Johnson v. Sloan
2016 Ohio 5375
Ohio Ct. App.2016Background
- Robert L. Johnson was bound over from juvenile court in 1987 and later convicted in Cuyahoga Common Pleas of aggravated robbery (with gun spec.) and aggravated murder (felony-murder), receiving concurrent terms including life imprisonment.
- Johnson pursued direct and collateral relief in state courts (delayed appeal, reopening denied, motion for new trial denied) and federal habeas, all unsuccessful; he filed the instant Ohio habeas petition in January 2016.
- Johnson's habeas claim: juvenile court failed to administer a required physical examination before bindover, so the common pleas court lacked jurisdiction to convict and sentence him.
- The juvenile bindover entries stated a physical examination had been performed; Johnson concedes he received two mental examinations showing amenability to bindover.

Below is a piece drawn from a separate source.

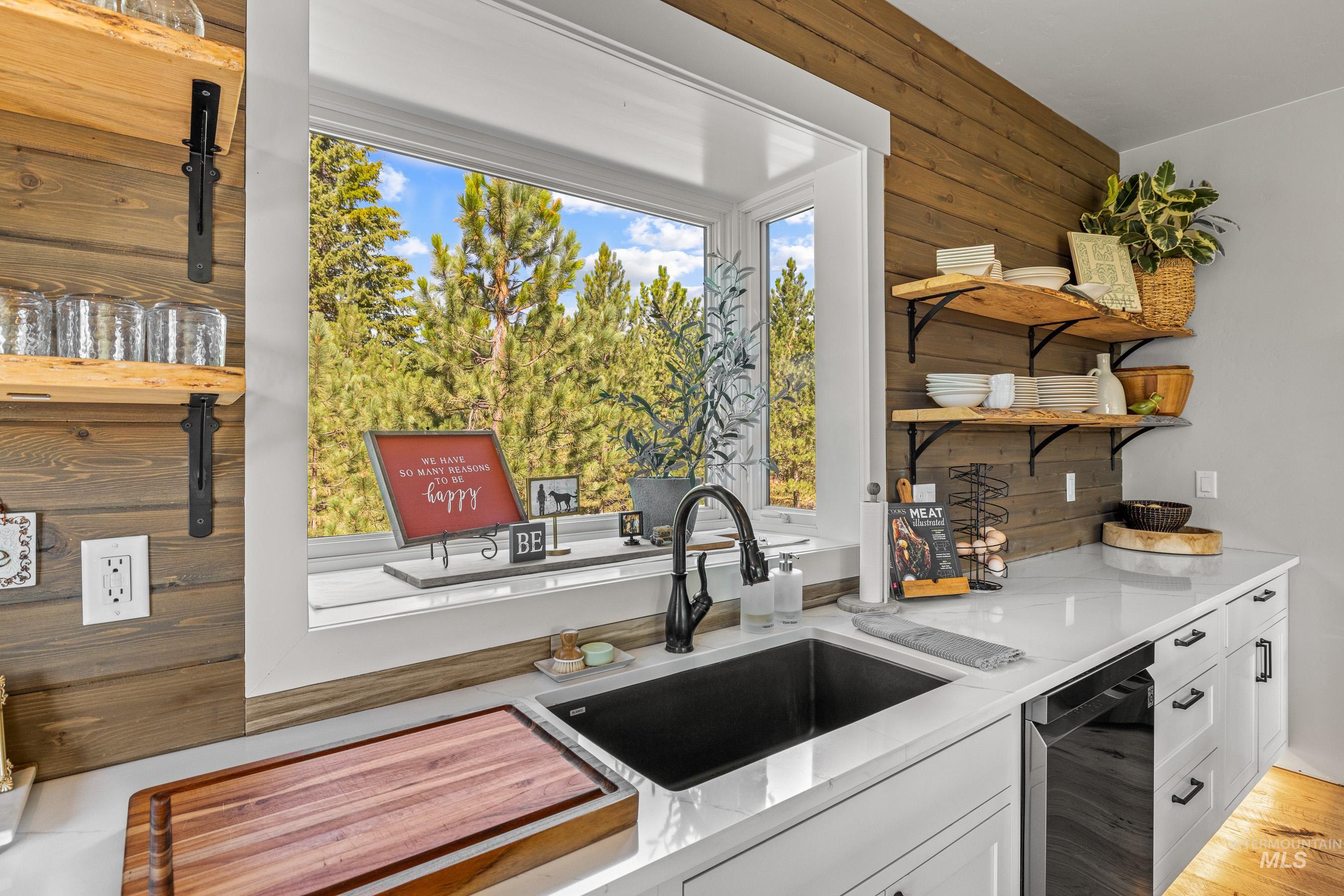 Kitchen featuring white cabinetry, open shelves, light stone counters, dishwasher, and wooden walls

- The court treated the respondent’s filing as a Civ.R. 12(B)(6) motion to dismiss and evaluated whether Johnson alleged a patent and unambiguous lack of jurisdiction that would allow habeas relief.
Issues
| Issue | Plaintiff's Argument | Defendant's Argument | Held |
|---|---|---|---|
| Whether habeas corpus lies because juvenile court failed to administer a physical exam pre-bindover | Johnson: No physical exam was done, so bindover was void and common pleas lacked jurisdiction | Warden: Bindover entries show the exam was performed; jurisdictional defect is not patent and Johnson had other remedies | Dismissed — no patent and unambiguous lack of jurisdiction; dismissal under Civ.R. 12(B)(6) granted |
| Whether habeas is available when petitioner failed to raise bindover defect earlier | Johnson: Did not raise earlier but seeks habeas now | Warden: Habeas unavailable when an adequate remedy (direct appeal) existed absent a patent jurisdictional defect | Held against Johnson — he had an adequate remedy at law and offered no patent jurisdictional defect |
Key Cases Cited
- Fuqua v. Williams, 100 Ohio St.3d 211 (Ohio 2003) (habeas corpus is a civil action under Ohio law)

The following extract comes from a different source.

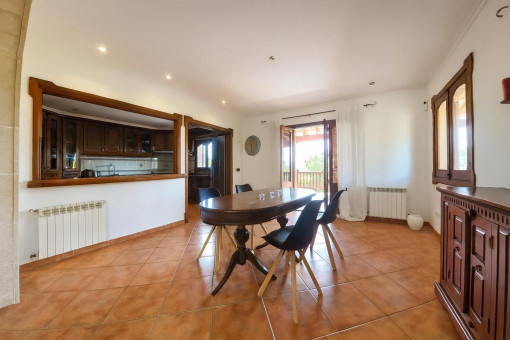 Dining area with open kitchen view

- Gaskins v. Shiplevy, 74 Ohio St.3d 149 (Ohio 1995) (Civil Rules may apply to habeas when not clearly inapplicable)
- Celeste v. Wiseco Piston, 151 Ohio App.3d 554 (Ohio App. 2003) (pleadings must be construed in favor of nonmoving party on motion to dismiss)
- Johnson v. Timmerman-Cooper, 93 Ohio St.3d 614 (Ohio 2001) (habeas is available in exceptional circumstances where unlawful restraint exists)

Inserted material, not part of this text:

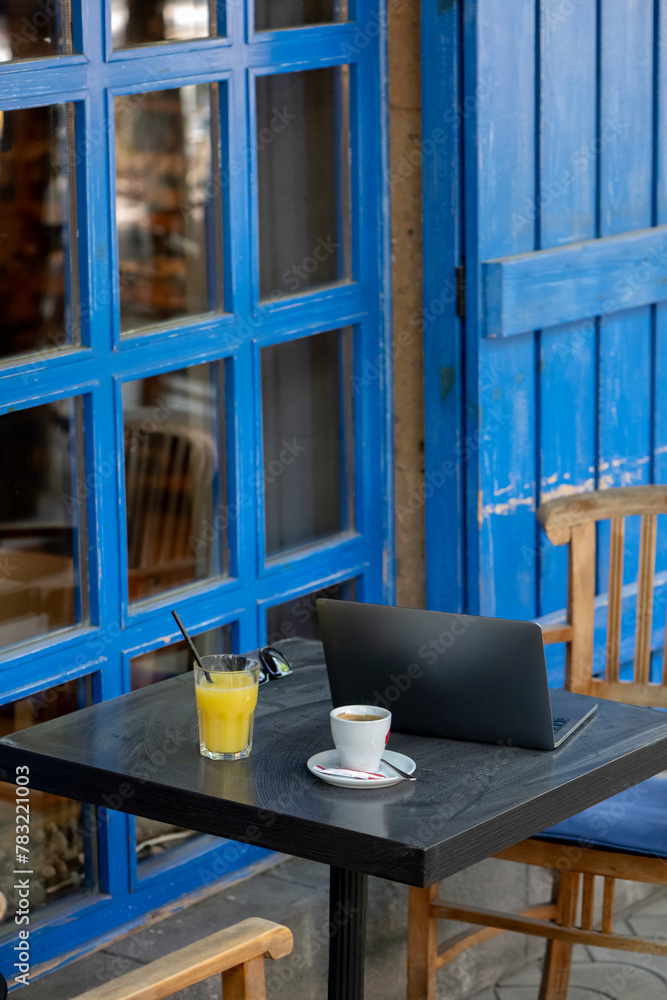 Wooden chairs and tables in a cafe with blue wooden doors.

- State ex rel. Fryerson v. Tate, 84 Ohio St.3d 481 (Ohio 1999) (habeas generally not available when adequate remedy at law exists; limited exception for jurisdictional challenges)
- Gaskins v. Shiplevy, 76 Ohio St.3d 380 (Ohio 1996) (habeas will not lie if bindover judgment shows correct procedure followed)
- Ross v. Saros, 99 Ohio St.3d 412 (Ohio 2003) (challenge to trial court subject-matter jurisdiction must show patent and unambiguous defect)
- Agee v. Russell, 92 Ohio St.3d 540 (Ohio 2001) (definition and standard for patent jurisdictional defects)
- In re Baker v. Stewart, 116 Ohio App.3d 580 (Ohio App. 1996) (habeas relief limited to void bindovers where jurisdiction patently lacking)
- State ex rel. Harris v. Anderson, 76 Ohio St.3d 193 (Ohio 1996) (bindover procedural defects do not automatically permit habeas unless jurisdictional defect is patent)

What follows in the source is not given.